Une vive inquiétude règne sur le site minier de Nyamulombozi, dans le territoire de Shabunda, au Sud-Kivu, où la population locale dénonce une série d’abus imputés à des agents de l’État et à des hommes armés se réclamant des Wazalendo, arrivés de Mapimo sans aucune autorisation administrative connue.
Au lieu-dit Le Panya, sur la rivière Lugulu, habitants, exploitants artisanaux et commerçants font état d’une situation devenue incontrôlable.
Selon plusieurs sources concordantes, ces hommes armés auraient instauré un système de prélèvements illicites, multiplié les intimidations et procédé à des arrestations sans fondement légal, perturbant lourdement les activités minières et le fonctionnement normal de la communauté.
La situation aurait franchi un seuil alarmant dans la nuit du 29 au 30 décembre 2025. D’après des témoins, un responsable local d’un réseau Wi-Fi aurait été menacé de mort, une arme pointée sur le visage, afin de le contraindre à interrompre la connexion Internet. Ce geste, perçu comme une volonté de couper toute communication avec l’extérieur, a renforcé le sentiment d’insécurité et d’isolement au sein de la population.
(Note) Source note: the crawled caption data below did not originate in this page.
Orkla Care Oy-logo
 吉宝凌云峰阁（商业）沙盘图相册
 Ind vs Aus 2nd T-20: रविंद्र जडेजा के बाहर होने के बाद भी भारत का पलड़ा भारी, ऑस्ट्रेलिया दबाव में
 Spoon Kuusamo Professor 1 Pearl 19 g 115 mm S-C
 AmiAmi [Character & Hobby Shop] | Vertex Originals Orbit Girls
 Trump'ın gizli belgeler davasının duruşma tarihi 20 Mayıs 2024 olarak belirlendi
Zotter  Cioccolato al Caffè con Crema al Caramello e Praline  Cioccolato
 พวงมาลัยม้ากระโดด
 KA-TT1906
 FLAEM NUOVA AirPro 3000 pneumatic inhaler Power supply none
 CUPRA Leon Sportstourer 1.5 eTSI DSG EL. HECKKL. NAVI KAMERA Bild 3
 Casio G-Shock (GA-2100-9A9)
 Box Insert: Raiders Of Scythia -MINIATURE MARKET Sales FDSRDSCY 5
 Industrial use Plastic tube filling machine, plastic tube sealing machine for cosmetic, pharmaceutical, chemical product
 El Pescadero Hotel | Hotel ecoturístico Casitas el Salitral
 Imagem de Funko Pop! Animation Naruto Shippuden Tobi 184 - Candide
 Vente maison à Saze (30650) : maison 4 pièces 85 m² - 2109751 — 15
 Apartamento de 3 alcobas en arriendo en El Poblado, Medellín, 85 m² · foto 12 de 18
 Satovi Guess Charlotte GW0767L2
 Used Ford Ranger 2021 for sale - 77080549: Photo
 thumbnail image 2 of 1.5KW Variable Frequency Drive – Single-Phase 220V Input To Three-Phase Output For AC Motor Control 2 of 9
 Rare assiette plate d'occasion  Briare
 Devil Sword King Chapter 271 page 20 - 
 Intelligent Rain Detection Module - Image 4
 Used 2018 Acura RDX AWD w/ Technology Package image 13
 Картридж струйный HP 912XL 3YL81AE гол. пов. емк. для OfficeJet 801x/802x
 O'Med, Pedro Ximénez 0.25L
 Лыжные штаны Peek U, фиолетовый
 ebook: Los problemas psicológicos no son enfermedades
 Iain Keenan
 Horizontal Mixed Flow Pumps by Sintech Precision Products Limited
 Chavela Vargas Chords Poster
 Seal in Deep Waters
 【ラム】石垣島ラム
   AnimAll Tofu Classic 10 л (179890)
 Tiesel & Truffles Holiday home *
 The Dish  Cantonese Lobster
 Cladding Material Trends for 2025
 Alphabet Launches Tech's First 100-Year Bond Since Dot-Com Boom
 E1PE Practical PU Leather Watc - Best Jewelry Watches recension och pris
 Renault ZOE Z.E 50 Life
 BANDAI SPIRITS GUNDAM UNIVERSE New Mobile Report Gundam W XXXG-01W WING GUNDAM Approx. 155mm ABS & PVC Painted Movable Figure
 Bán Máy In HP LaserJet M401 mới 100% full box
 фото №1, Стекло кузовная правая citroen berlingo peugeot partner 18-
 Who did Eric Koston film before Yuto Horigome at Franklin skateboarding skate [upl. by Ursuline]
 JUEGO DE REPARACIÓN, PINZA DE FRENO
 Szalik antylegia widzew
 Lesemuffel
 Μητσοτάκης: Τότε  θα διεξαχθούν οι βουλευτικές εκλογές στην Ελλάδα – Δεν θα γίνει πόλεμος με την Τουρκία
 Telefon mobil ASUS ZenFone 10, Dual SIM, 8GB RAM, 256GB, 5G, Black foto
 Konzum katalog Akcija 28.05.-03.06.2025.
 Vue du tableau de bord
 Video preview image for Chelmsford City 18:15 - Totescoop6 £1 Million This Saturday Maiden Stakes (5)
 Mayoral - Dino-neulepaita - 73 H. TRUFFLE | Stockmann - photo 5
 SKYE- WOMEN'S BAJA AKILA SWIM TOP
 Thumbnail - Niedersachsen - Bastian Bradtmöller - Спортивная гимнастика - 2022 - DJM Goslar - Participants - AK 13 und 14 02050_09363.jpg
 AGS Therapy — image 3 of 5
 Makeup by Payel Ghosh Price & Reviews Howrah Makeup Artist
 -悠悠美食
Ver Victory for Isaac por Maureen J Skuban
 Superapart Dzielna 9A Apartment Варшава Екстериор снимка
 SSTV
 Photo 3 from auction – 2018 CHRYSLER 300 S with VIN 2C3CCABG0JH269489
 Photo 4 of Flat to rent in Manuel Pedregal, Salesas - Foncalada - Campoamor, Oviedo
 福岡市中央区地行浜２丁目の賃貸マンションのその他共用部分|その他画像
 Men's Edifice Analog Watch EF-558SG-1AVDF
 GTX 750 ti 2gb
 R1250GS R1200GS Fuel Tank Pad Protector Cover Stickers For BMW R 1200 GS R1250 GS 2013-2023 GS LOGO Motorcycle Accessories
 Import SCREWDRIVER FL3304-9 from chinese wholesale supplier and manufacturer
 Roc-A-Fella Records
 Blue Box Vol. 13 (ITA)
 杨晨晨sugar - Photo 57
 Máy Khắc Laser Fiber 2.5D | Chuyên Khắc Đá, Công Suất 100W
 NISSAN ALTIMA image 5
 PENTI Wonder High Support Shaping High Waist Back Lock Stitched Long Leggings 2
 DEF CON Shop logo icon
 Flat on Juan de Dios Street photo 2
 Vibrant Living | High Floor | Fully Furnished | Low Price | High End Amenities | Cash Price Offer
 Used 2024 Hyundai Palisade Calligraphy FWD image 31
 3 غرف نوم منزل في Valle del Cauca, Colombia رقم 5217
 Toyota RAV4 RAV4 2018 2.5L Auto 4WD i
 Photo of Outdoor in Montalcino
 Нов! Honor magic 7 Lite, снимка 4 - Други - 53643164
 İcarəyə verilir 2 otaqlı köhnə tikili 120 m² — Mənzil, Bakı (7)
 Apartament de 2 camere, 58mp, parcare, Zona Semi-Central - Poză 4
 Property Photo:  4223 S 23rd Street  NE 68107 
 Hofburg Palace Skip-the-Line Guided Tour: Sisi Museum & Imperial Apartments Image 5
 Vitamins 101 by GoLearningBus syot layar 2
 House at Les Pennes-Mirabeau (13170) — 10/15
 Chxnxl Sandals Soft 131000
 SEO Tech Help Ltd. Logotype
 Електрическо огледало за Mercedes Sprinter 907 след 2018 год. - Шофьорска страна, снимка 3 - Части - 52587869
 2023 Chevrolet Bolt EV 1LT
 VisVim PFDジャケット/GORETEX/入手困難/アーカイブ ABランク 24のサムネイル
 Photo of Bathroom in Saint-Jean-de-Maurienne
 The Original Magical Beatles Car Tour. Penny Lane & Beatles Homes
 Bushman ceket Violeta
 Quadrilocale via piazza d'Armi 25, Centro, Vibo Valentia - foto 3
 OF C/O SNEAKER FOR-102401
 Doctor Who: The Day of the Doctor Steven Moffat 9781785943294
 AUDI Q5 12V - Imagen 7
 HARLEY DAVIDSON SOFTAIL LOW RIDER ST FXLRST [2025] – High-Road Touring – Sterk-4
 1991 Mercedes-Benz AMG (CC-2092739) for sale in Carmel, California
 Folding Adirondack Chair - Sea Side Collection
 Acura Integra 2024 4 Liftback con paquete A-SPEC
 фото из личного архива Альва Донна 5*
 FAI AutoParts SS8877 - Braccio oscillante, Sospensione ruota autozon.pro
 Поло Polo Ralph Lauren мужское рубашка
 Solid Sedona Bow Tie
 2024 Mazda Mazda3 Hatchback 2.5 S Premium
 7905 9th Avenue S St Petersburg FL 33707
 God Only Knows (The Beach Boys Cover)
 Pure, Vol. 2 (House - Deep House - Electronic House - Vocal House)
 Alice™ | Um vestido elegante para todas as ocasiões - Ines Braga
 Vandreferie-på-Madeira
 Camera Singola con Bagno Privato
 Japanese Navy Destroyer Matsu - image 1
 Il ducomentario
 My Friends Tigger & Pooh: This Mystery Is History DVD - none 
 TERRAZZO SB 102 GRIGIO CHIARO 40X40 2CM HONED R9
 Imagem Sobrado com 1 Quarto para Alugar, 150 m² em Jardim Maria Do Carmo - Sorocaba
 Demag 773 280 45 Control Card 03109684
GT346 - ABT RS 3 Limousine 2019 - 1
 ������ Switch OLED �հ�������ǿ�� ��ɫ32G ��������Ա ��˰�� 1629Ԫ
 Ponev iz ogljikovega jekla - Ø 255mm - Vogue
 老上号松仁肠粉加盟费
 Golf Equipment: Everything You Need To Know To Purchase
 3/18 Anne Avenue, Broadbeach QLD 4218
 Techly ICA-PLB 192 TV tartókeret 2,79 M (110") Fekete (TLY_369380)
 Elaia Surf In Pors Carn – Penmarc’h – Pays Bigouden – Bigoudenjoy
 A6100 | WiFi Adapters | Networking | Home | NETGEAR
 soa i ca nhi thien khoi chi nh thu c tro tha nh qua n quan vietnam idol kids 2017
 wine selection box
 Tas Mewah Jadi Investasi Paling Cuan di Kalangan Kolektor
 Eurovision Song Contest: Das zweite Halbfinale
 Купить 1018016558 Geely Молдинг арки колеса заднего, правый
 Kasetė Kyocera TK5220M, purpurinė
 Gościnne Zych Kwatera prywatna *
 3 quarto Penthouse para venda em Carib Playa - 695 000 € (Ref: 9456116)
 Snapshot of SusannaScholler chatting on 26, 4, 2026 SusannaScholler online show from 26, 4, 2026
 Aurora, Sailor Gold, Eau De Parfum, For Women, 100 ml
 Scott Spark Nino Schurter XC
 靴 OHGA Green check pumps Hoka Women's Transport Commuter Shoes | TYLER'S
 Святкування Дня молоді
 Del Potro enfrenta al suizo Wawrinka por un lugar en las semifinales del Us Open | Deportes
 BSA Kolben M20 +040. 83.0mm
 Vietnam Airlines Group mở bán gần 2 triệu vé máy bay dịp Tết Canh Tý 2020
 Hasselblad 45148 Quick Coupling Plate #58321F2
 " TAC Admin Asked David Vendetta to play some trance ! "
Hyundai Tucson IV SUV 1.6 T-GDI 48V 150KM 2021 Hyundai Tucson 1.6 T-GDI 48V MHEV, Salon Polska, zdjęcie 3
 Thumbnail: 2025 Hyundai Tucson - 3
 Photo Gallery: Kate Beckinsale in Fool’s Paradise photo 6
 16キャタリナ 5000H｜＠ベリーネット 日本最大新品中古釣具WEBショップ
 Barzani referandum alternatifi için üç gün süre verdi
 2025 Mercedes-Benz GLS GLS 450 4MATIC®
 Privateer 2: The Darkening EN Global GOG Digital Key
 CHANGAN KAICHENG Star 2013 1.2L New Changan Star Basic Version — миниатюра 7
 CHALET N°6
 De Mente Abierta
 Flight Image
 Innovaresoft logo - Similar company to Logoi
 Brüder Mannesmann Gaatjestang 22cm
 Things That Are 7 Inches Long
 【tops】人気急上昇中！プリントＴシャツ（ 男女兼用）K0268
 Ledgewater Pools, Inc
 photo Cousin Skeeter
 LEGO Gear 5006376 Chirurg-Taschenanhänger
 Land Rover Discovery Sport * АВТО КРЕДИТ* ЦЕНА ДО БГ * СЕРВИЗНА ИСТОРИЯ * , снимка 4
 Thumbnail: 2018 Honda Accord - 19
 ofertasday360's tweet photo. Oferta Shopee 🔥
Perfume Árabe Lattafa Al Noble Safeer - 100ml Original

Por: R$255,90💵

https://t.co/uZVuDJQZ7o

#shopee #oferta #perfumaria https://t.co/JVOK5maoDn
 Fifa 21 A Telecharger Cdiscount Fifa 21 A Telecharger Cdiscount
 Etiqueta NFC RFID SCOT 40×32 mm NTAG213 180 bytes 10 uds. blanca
Des femmes, des commerçants ainsi que des acteurs de la société civile engagés dans la défense des droits humains auraient également été victimes de violences physiques et d’humiliations. Certains auraient été ligotés, privés de nourriture et détenus pendant plusieurs heures, sans présentation de mandat ni intervention des autorités judiciaires compétentes.
Pour les habitants de Nyamulombozi, ces pratiques constituent des violations graves des droits fondamentaux garantis par la Constitution de la République démocratique du Congo. Ils rappellent également que le Code minier congolais interdit formellement la présence d’hommes armés sur les sites d’exploitation minière, en dehors des missions clairement définies par l’État.
Au-delà des abus dénoncés, la population redoute une montée de la colère populaire face à la répétition de ces actes, dans une zone déjà fragilisée par l’insécurité et l’isolement. « La situation devient explosive », confie un notable local, qui craint des affrontements si aucune mesure urgente n’est prise.
Face à cette dérive, les habitants lancent un appel pressant aux autorités provinciales et territoriales, notamment au gouverneur du Sud-Kivu, à l’administrateur du territoire de Shabunda, aux services de sécurité, à la Division provinciale des Mines et au SAEMAP, afin qu’ils rétablissent l’autorité de l’État sur le site.
Les organisations de la société civile et les médias sont également sollicités pour documenter les faits et briser le silence autour de ces violations.
Pour la population de Nyamulombozi, l’enjeu dépasse la seule exploitation minière. Il s’agit avant tout de garantir la sécurité des personnes, le respect des lois de la République et la fin des pratiques illégales qui minent la cohésion sociale.
« La vie humaine est sacrée », martèlent-ils, exhortant l’État congolais à jouer pleinement son rôle de garant de la paix, des droits humains et de la bonne gouvernance dans les zones minières.